First Joe Hobson read us his selection, all of it tightly-structured, jammed with taut metaphors and startling word-choices. He struck me as a domesticated, rural sort of person, closely observing fuchsia bushes in the garden - touchstone scrolls against all that night.....we blink in full view - and looking at a garden spider as if it was a newly-discovered creature - his many legs folded in his terminals.... towing some memory up a thread - and also as someone who can capture a character in a few words – I’m dizzy as a teaspoon... all buttonholes, no buttons.
Ian Harker started with a real tree which had been cut down by his neighbour, then moved on to an invented fire tree. After fire came earth, a Bronze Age earthwork by the sea which fascinated him, dug out laboriously in ancient times – the earth struggles, and we fight it back. He referred to the mysterious Wodwo from Sir Gawain and the Green Knight, and returned to Medieval times in a poem inspired by an aerial photograph of his parents’ house which revealed marks and shadows in the field next to it – evidence of feudal strips. I liked this one best.
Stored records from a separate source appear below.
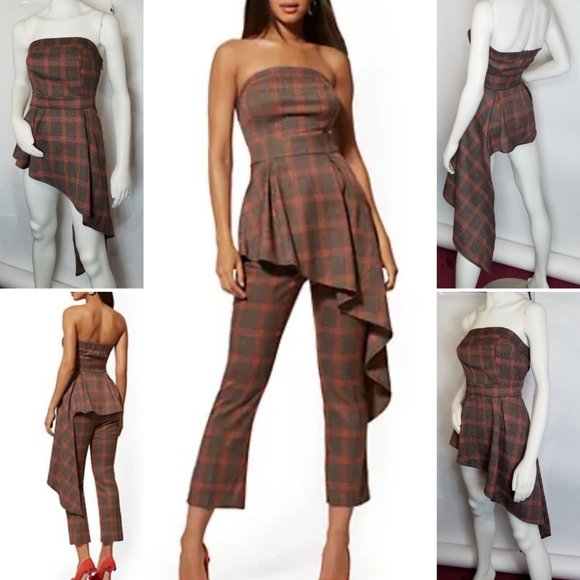 Tops - Plaid Asymetrical Top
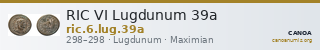 RIC VI Lugdunum 39a — CANOA
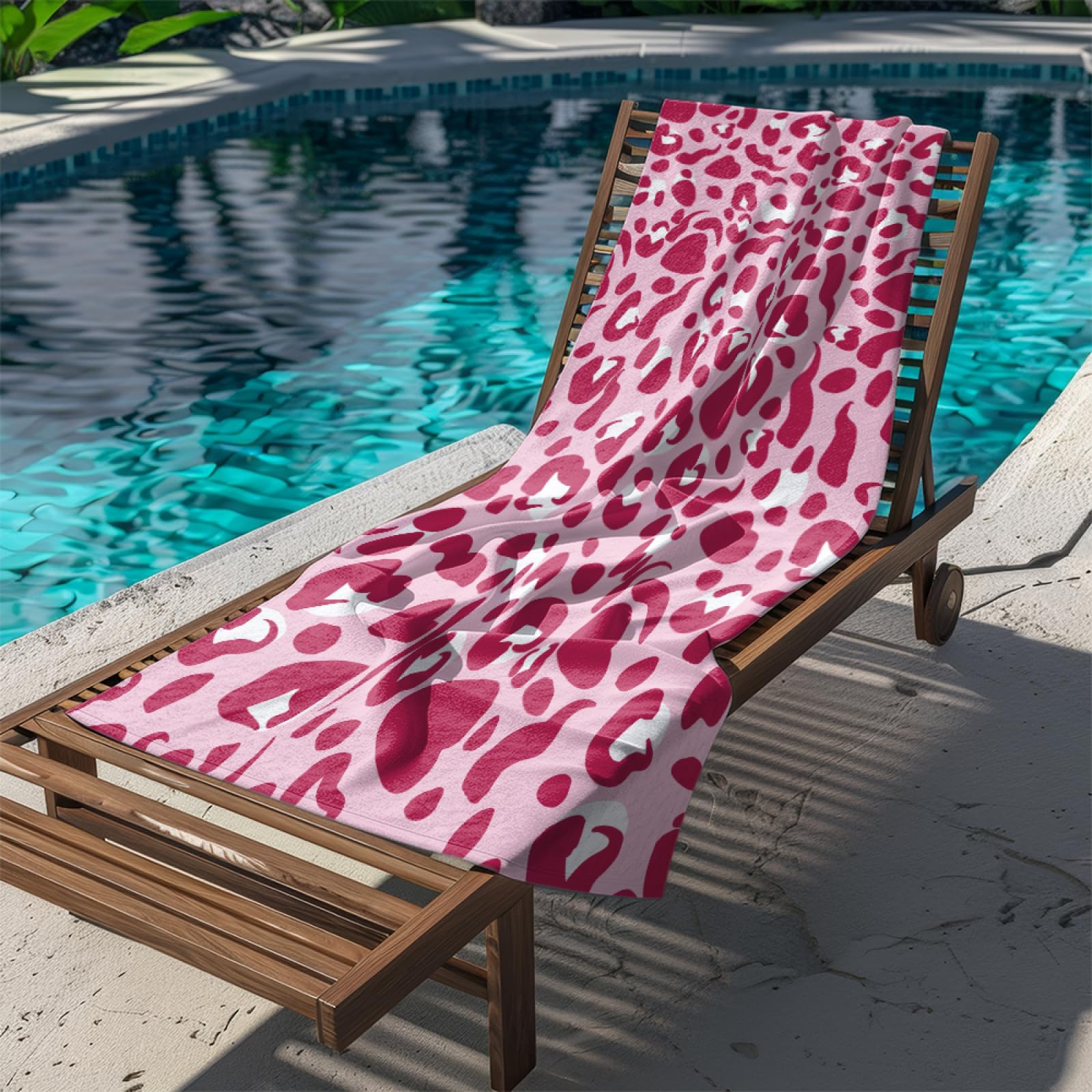 Fouta PlageModèle Rose Modèle Surdimensionné avec Diverses Tailles, Respirante et Portable, Parfaite pour Voyages Sorties Piscine et Usage Extérieur Quotidien 90x160 cm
Amy McCauley, who is doing a Poetry MA at Manchester Met, produces short, very short poems, many of them with a Biblical link of some kind. Mary, Mother of God appeared several times, seen from very original viewpoints. I liked her thought that a cow would make a good pope because life should be taken slowly. Birth and conception was a theme, and also the Immaculate Conception – the pearl is formed and released by the dark spring. Another theme was family, with poems to a brother and to parents. She also mused on reaching the age of thirty... no comment.
Mike Conley, a twenty-six year-old teacher, reminded me in his images of the legendary Ivor Cutler (did he listen to him on the legendary John Peel radio programme?) but his delivery was all his own as he gave us a surreal narrative (Aquarium) set in an A&E involving a tank of goldfish. I really liked Ophelia’s view of Hamlet (he taught Hamlet to his Year 8 students) and his revelation that she had her lady in waiting drowned so she could go to her own funeral. This was in the form of a discovered letter signed ‘Mrs O. Fortinbras’.
After an interval involving, so it seems, plenty of networking, King Ink appeared, first of all in the figure of Michael Hann waving a whisky bottle filled with what may have been more than cold tea. He was a sort of cod lecturer raving about the split between Freud and Jung, complete with sanctimonious statements, platitudes and bits out of psychology textbooks. He was at his best when not stumbling about too much, when we could pick out something relatively sober from what became a deliberately incoherent dream sequence.
I was occasionally reminded of a more nightmarish Samuel Beckett, but perhaps that was not the intention. He was followed by John Chadwick as a burlesque mime artist, with a beautifully rubbery face and a mobile beret. Broadcast platitudes and exhortations connected with democracy, the rights of consumers, being independent in thought and much else were accompanied by frantic mouthings. Gute Nacht! Gute Nacht my sweet little demographics! said the background voice as the mime disappeared. Right.
The third apparition also harangued us. This was Tim Marshall as an ostrich-feathered, turbaned Russian professor (oh these damned foreign intellectuals!) with a stream of condemnation and advice – sooth yourself with twenty-four hour TV... beware of greed economics and botched sociology! We were urged to watch out for the use of Freudian ideas in any focus groups we might be invited to join, and watched a Powerpoint full of subliminal suggestiveness, with quickly-flashed images of, for example, a cut-off limb, a Hitler rally and paintings by Joan Miro and Francis Bacon.
It was a wild pantomime, a bit clunky and ready for revision – this was its premiere – but rather wonderful. King Ink can come again!